======== RECORDS FOR THIS EXERCISE ========
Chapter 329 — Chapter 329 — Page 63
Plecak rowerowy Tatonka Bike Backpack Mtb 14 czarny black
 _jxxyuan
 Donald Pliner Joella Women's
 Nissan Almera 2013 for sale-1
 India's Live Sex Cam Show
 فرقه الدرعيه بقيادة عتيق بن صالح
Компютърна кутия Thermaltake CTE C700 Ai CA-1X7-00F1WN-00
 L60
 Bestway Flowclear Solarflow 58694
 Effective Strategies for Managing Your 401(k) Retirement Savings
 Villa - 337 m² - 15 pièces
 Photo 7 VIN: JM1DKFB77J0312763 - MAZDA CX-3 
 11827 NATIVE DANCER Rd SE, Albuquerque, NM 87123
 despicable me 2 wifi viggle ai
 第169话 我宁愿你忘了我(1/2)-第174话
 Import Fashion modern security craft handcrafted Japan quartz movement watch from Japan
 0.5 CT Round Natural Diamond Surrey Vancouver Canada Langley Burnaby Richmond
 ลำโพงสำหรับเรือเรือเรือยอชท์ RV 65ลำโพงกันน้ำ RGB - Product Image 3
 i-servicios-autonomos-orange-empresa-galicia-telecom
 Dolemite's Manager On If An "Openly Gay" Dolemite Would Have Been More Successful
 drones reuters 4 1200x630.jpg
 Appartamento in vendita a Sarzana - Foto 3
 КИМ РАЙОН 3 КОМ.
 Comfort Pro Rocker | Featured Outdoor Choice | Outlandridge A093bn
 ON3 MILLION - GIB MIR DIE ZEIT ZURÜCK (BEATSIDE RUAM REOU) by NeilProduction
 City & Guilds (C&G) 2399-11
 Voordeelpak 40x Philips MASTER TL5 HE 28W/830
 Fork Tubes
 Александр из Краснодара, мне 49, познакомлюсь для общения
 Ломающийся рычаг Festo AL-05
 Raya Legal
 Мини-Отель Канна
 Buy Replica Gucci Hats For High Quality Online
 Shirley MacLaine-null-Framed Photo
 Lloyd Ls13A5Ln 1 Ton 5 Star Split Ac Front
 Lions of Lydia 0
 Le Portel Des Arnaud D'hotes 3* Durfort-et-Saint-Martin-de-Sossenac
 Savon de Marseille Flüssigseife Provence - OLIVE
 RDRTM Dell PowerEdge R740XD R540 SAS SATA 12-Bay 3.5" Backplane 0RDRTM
========
## EXERCISE AIM
Scan the entries above for the word "Photo", then copy every line in which it occurs.

## ANSWER TO THE PROBLEM
 Photo 7 VIN: JM1DKFB77J0312763 - MAZDA CX-3 
 Shirley MacLaine-null-Framed Photo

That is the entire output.